- “We explore first-person sensing through a wearable camera and Intertial Measurement Units (IMUs) for temporally segmenting human motion into actions and performing activity classification in the context of cooking and recipe preparation in a natural environment.”
- Try:
- Gaussian Mixture Models
- HMMs
- K-NN
- Also try unsupervised methods so that annotation isn’t necessary
- Large number of references to prior work
- The IMUs used here are set up as:
- 5 on the wrist
- <5?> on ankles
- 1 on waist
- And then there is head-cam
- There is ambiguity in how to label what is going, especially because people did the same task differently.
- Also huge partial observability (even in terms of what is in view of the camera)

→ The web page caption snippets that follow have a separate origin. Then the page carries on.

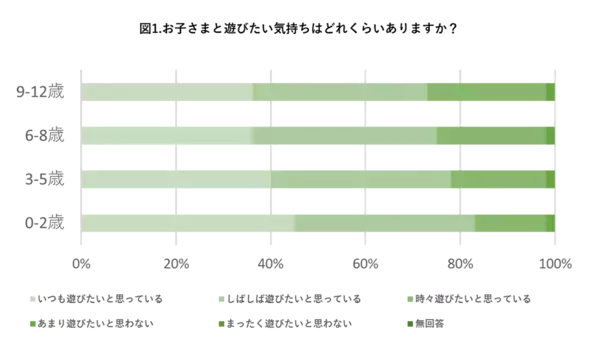 「笑顔で子育てできる環境を作りたい」の想いから……ピップ×イオンファンタジー「子育て応援プロジェクト」開始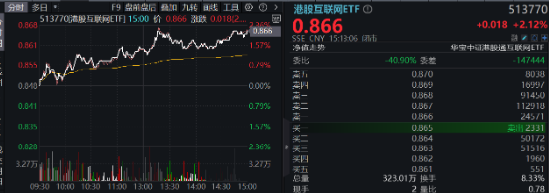 强业绩提振，金山云飙涨26%！港股互联网ETF（513770）涨超2%，机构：把握高弹性互联网龙头-第2张图片-山东威力重工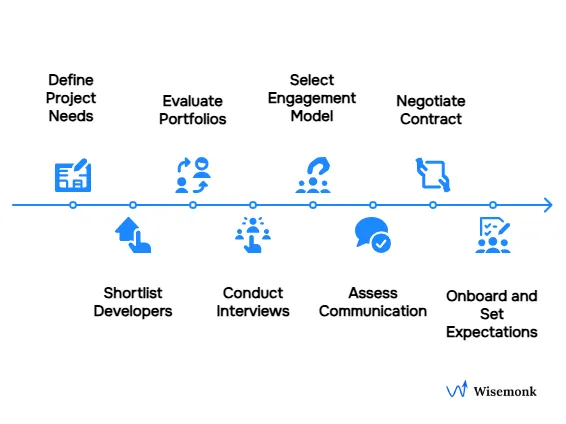 Step-by-step process to successfully hire CodeIgniter developers.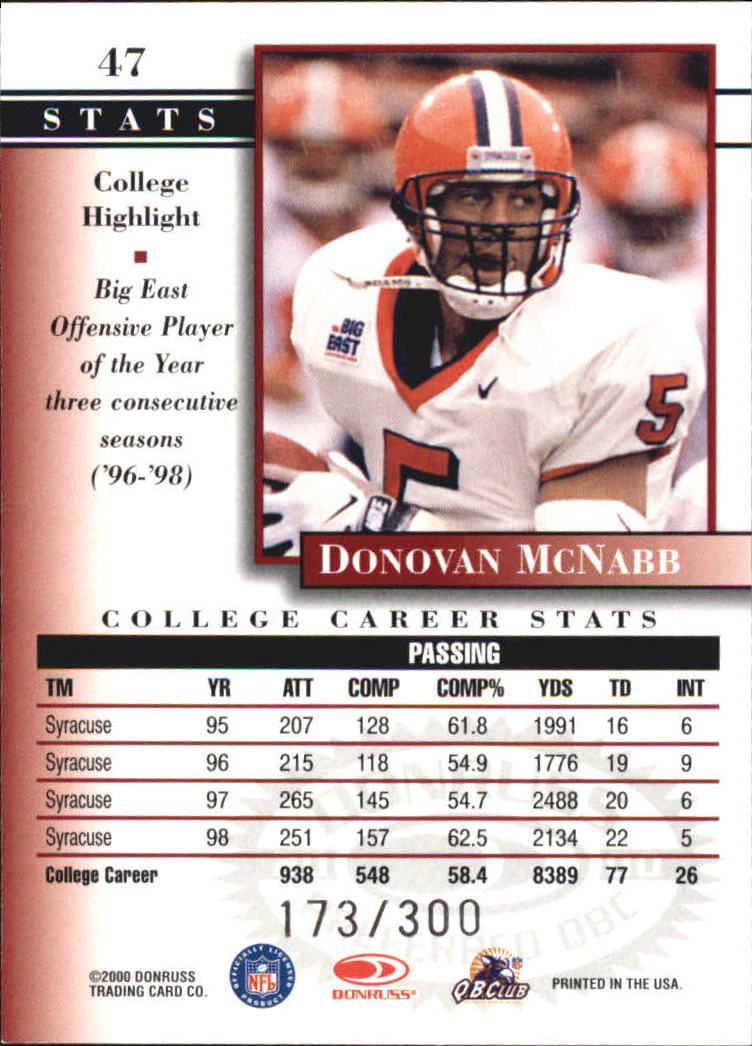 2000 Donruss Preferred Power #47 Donovan McNabb C back image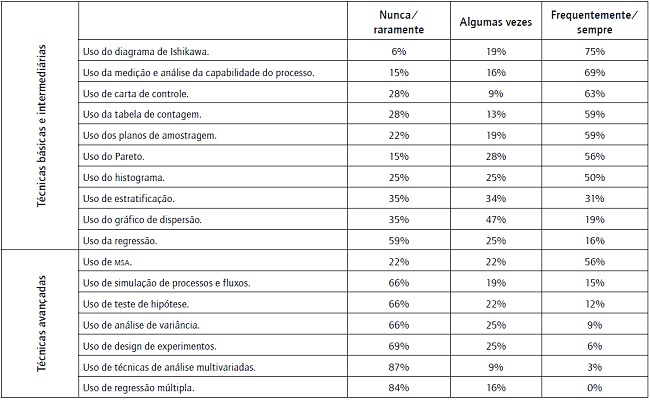 Utilização de fe avançadas e básicas/intermediárias.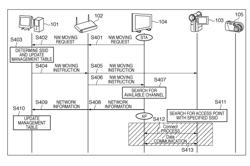 Management apparatus, control method, and program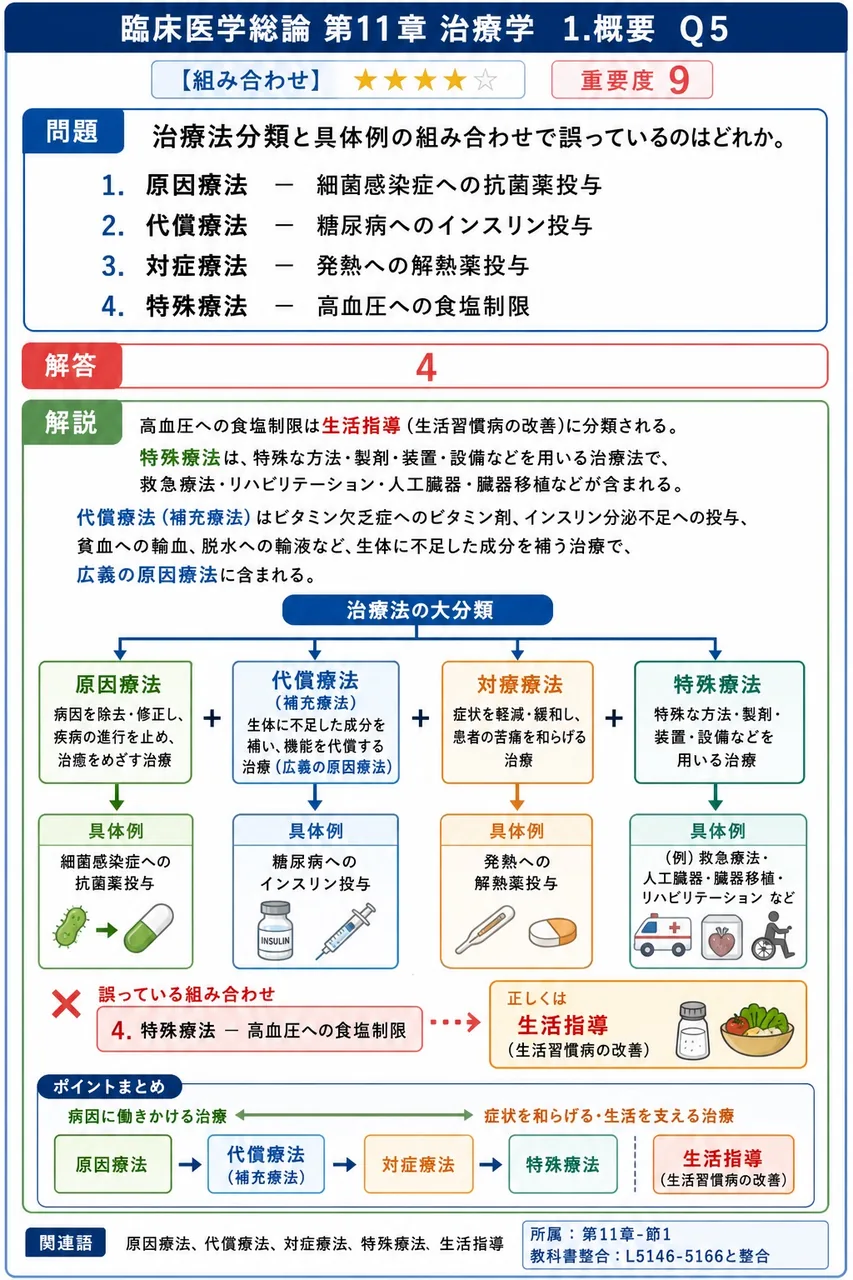 治療法分類と具体例の組み合わせで誤っているのはどれか。 解説図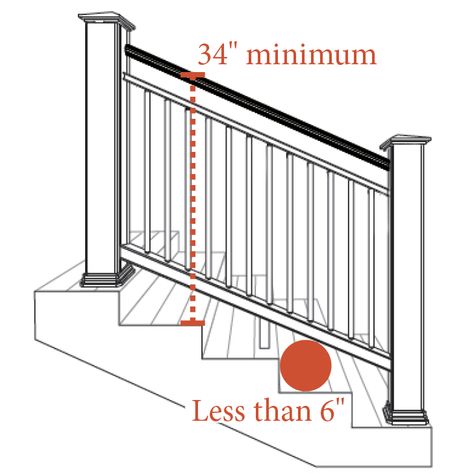 Porch Stair Railing Ideas, Deck Railing Height, Stairs Height, Exterior Stair Railing, Deck Handrail, Wood Deck Railing, Deck Stair Railing, Deck Rails, Patio Stairs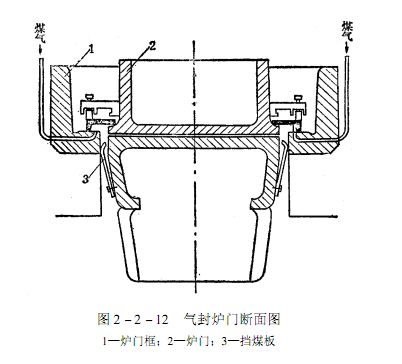 焦炉制造设备,焦炉结构与设备知识讲座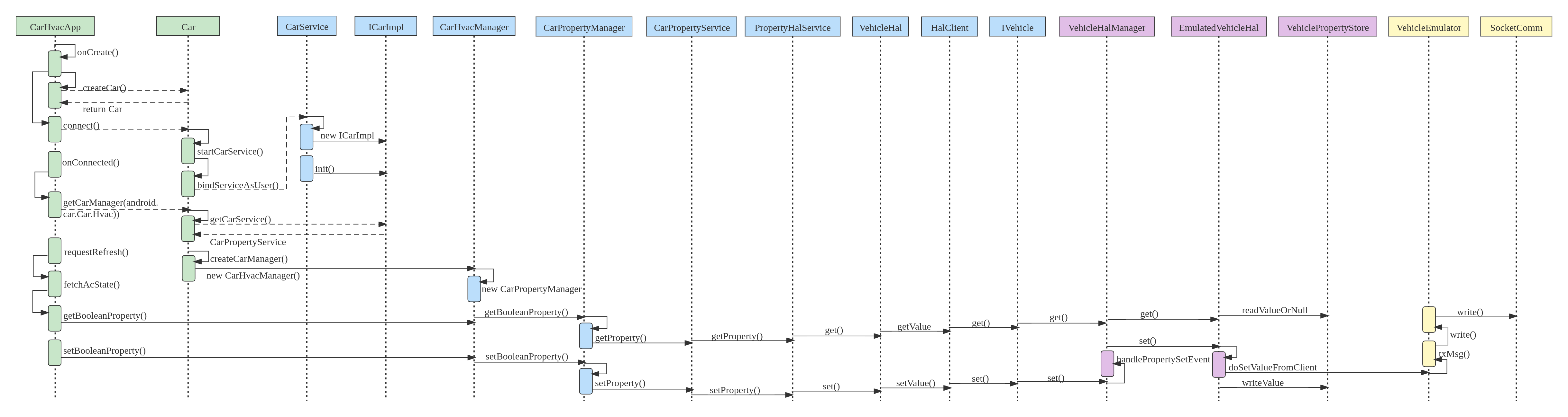 Android 9.0 Vold mounting process analysis - Programmer Sought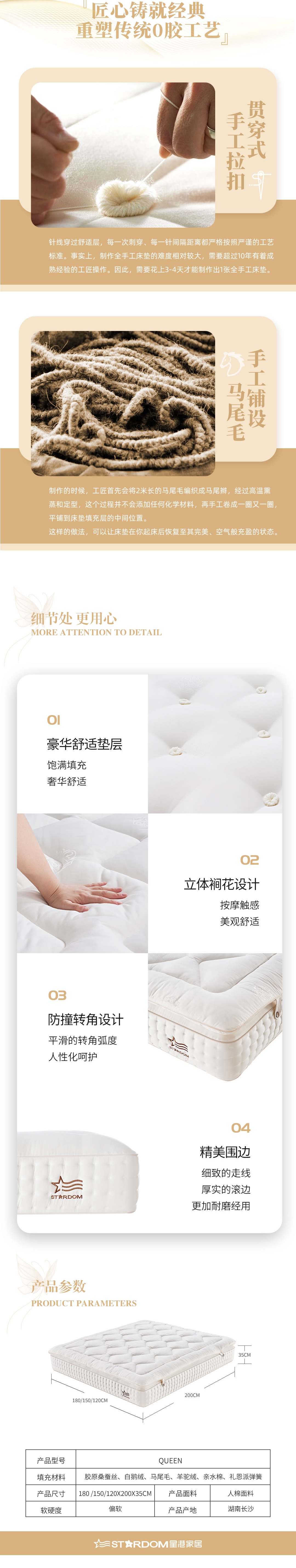 【女王系列床墊】THE QUEEN_5_1.JPG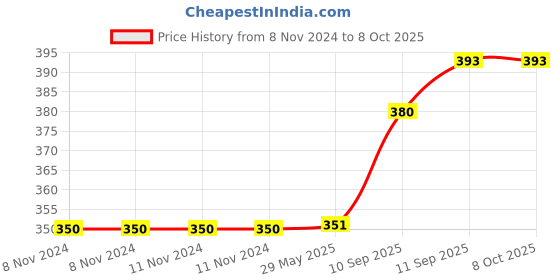 firstcry.com Intex Swimming Pool 2 Feet - Multi Colour intex Price History Graph from 8 Nov 2024 to 8 Oct 2025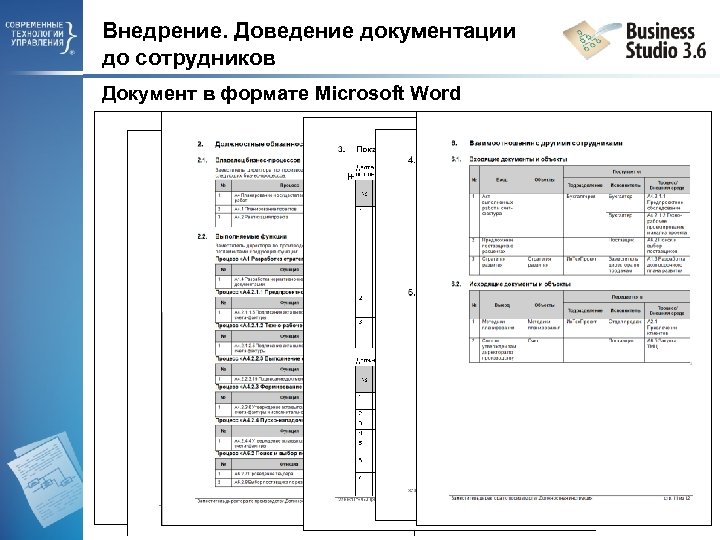 Внедрение. Доведение документации до сотрудников Документ в формате Microsoft Word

- Action clauses are distinct per recipe (at least partially), 29 clauses for brownies
- For unsupervised segmentation, they try PCA, then cluster that
- Performance is about 70% correct with this method
- These features can also be used to try and classify what recipe is being made
- Recipe classification is perfect on the small dataset when using data from IMUs
- Tried unsupervised clustering of IMU data with HMM but it came up with garbage
- They then merge video and IMU data <but its not totally clear how they accomplish this in terms of representation> again, run through PCA and HMM
- Recipe classification with this method was ~93%, so just using IMUs is better
- Then they move onto supervised, with annotation
- ~80% of frames annotated, “stirring the mix” takes up about 25% of labeled frames
- They trained only on frames where annotation was available
- Then do classification with supervised HMM (poor classification~ 10%) and k-NN (much better at ~60%)
- They argue perf of k-NN is from high D data <not sure why that is a good argument though>